Material supplied: Begin

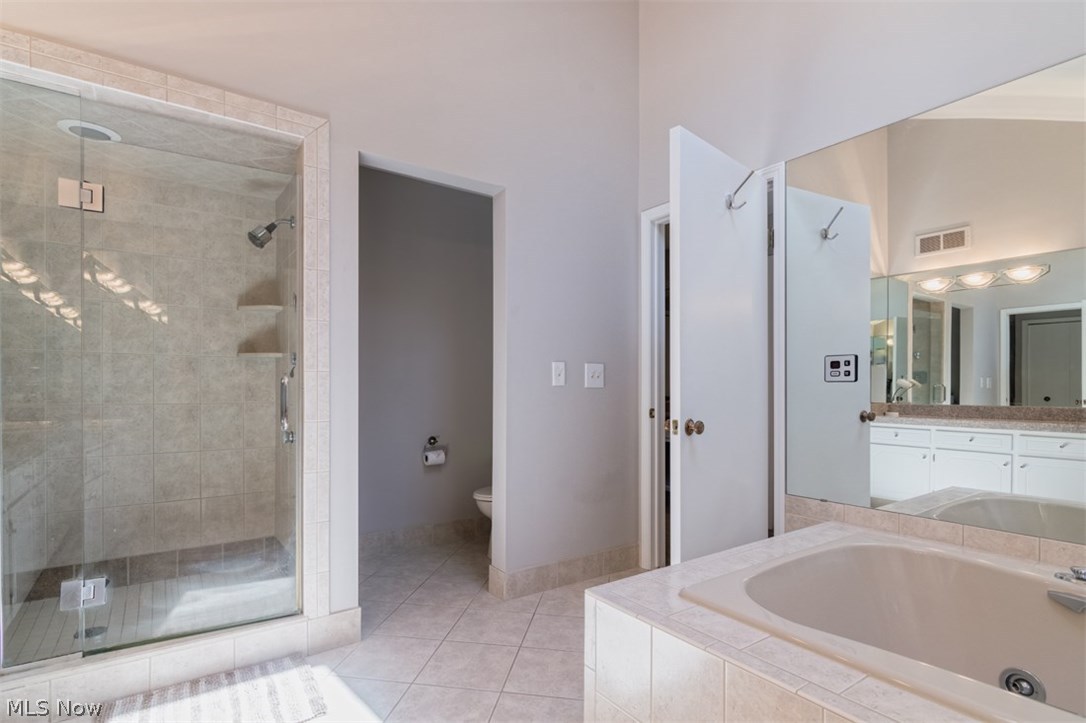 Sunrise Dev Co Woodburn Hills - Residential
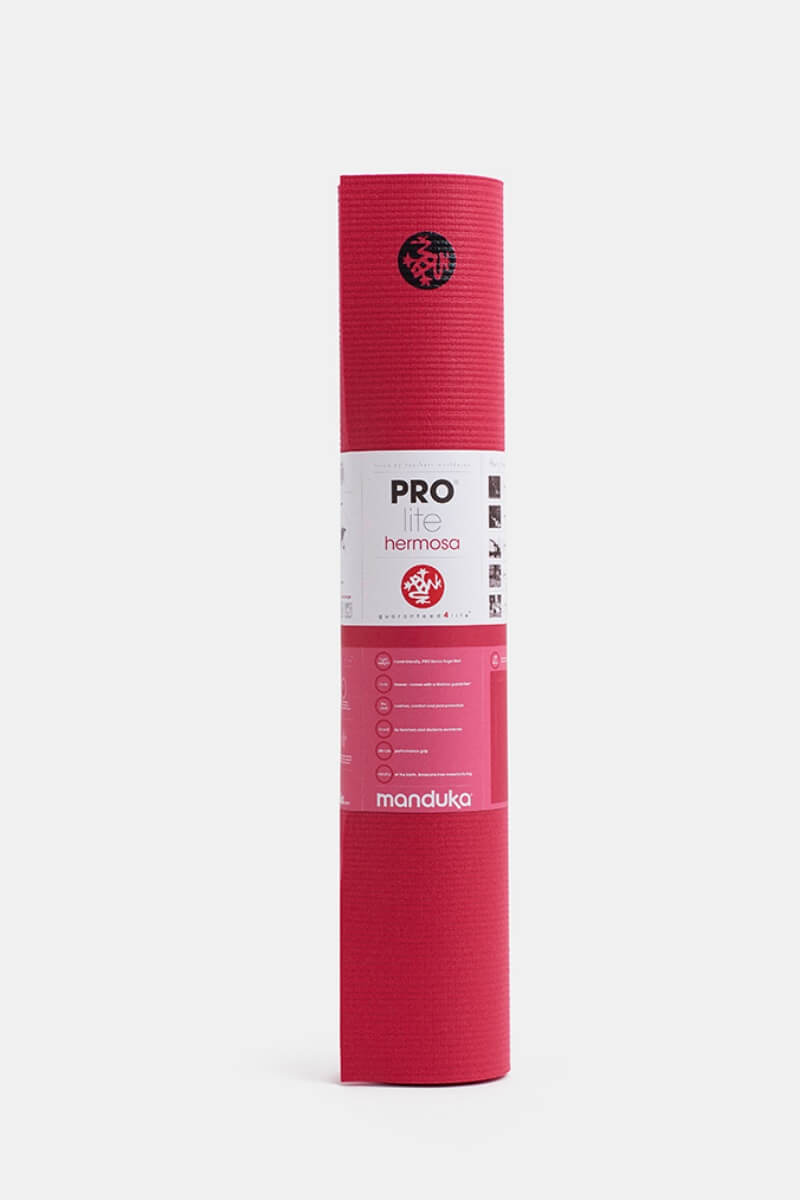 SEA YOGI // Hermosa Prolite Yoga mat in 5mm by Manduka, Online Yoga Shop, standing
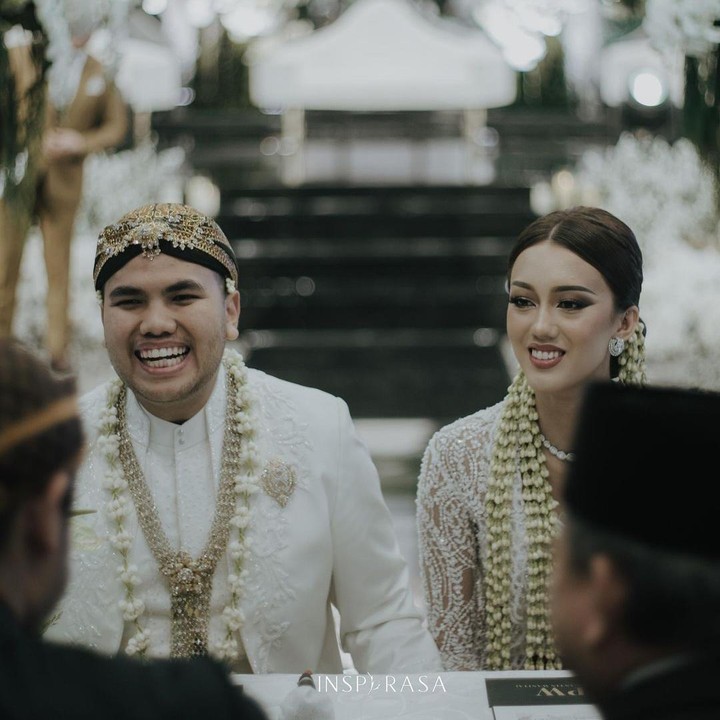 <p>Unggahan itu langsung dibanjiri komentar para artis dan netizen yang memberikan selamat dan doa untuk Nabila dan sang suami. "Udah baca serius ujungnya tetap lawak haha. <em>Congrats</em> Tor, udh punya mantu! Bahagia langgeng selalu buat Nabila," tulis Ersa Mayori. "Selamat ya mas Tora..mba Anggie..kakak Nabila sayang...samawa ya nak..Aamiin YRA," tulis akun <em>@ryaa****.</em> (Foto: Instagram@t_orasudi_ro/@inspirasapictures)</p>
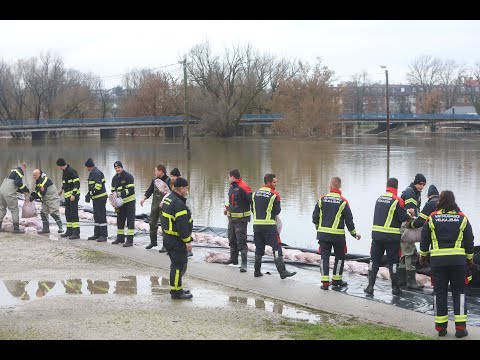Rijeka Korana izlila se iz korita u Karlovcu, na snazi su izvanredne mjere obrane od poplava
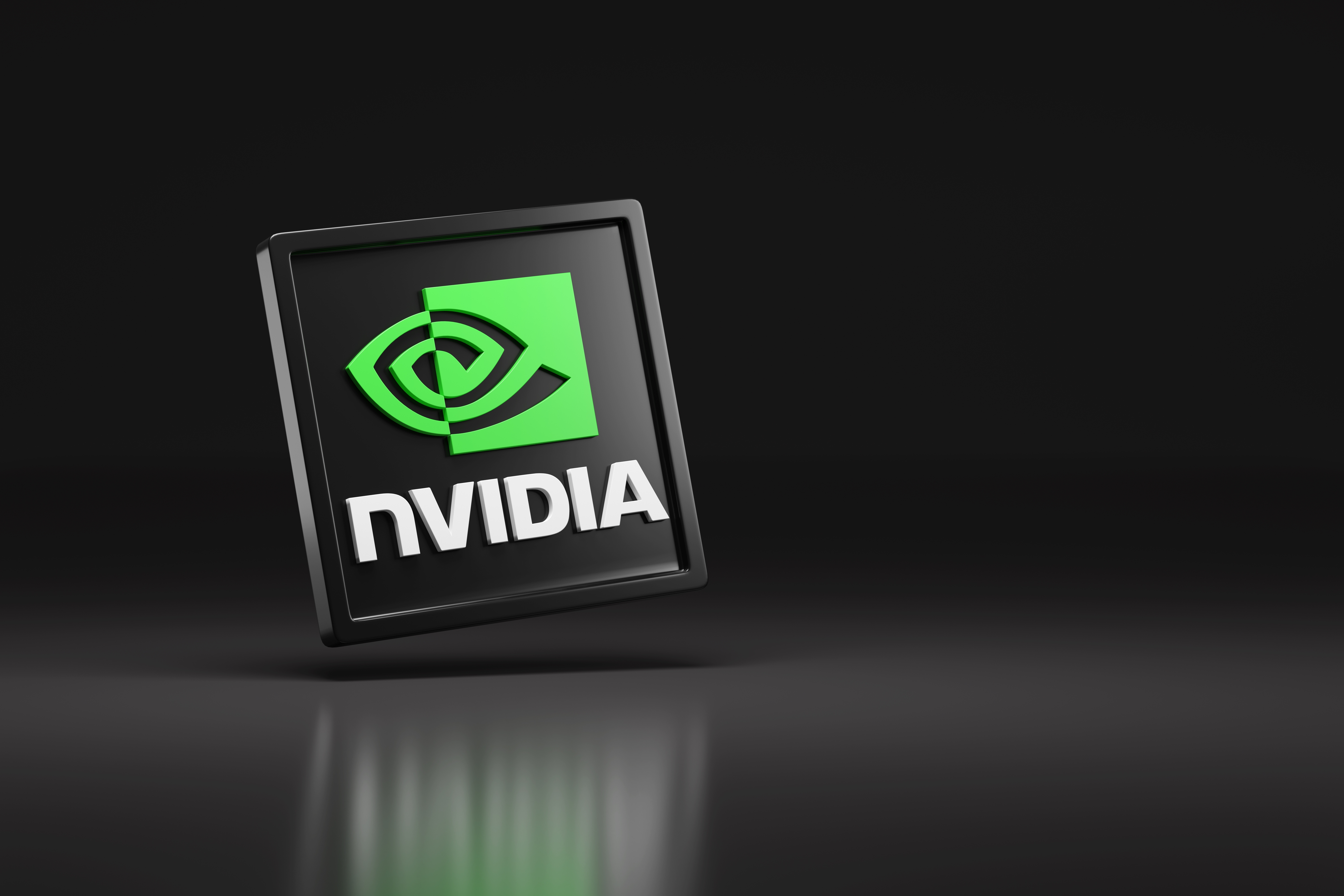 Buenos Aires (Argentina); 12 de septiembre de 2023: Logo de Nvidia en tres dimensiones aisladas en un fondo oscuro. 3 quinquies ilustraciÃ³n.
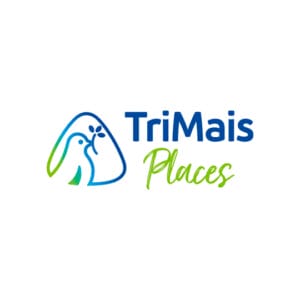 Logo Trimais Places escrito em azul e verde em um fundo branco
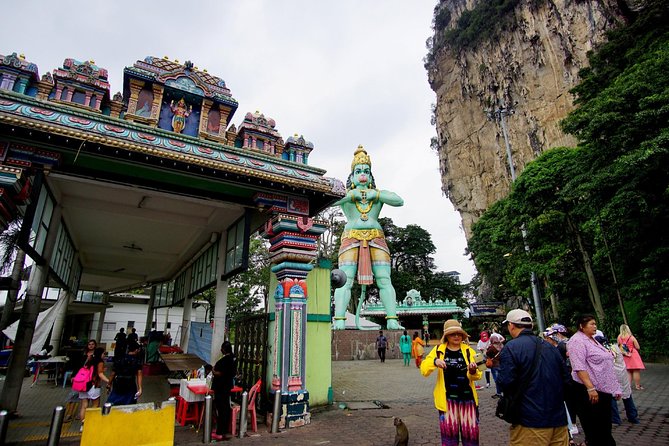 Private Batu Caves, National Mosque & Religious Tour with Lunch - Thean Hou Temple adds a different religious tradition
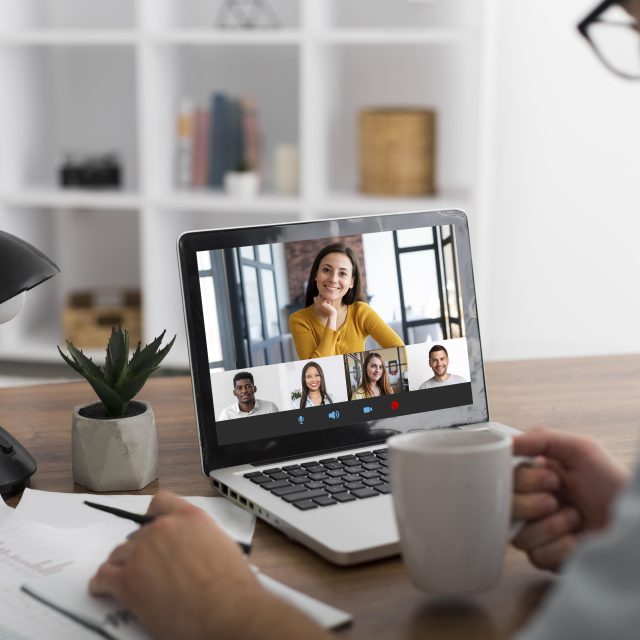 Réunion d'équipe en conférence en ligne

Material supplied: End

Exercise objective: Make an exact copy of the records above. Keep out every picture.

Exercise solution:
 Sunrise Dev Co Woodburn Hills - Residential
 SEA YOGI // Hermosa Prolite Yoga mat in 5mm by Manduka, Online Yoga Shop, standing
 <p>Unggahan itu langsung dibanjiri komentar para artis dan netizen yang memberikan selamat dan doa untuk Nabila dan sang suami. "Udah baca serius ujungnya tetap lawak haha. <em>Congrats</em> Tor, udh punya mantu! Bahagia langgeng selalu buat Nabila," tulis Ersa Mayori. "Selamat ya mas Tora..mba Anggie..kakak Nabila sayang...samawa ya nak..Aamiin YRA," tulis akun <em>@ryaa****.</em> (Foto: Instagram@t_orasudi_ro/@inspirasapictures)</p>
Rijeka Korana izlila se iz korita u Karlovcu, na snazi su izvanredne mjere obrane od poplava
 Buenos Aires (Argentina); 12 de septiembre de 2023: Logo de Nvidia en tres dimensiones aisladas en un fondo oscuro. 3 quinquies ilustraciÃ³n.
 Logo Trimais Places escrito em azul e verde em um fundo branco
 Private Batu Caves, National Mosque & Religious Tour with Lunch - Thean Hou Temple adds a different religious tradition
 Réunion d'équipe en conférence en ligne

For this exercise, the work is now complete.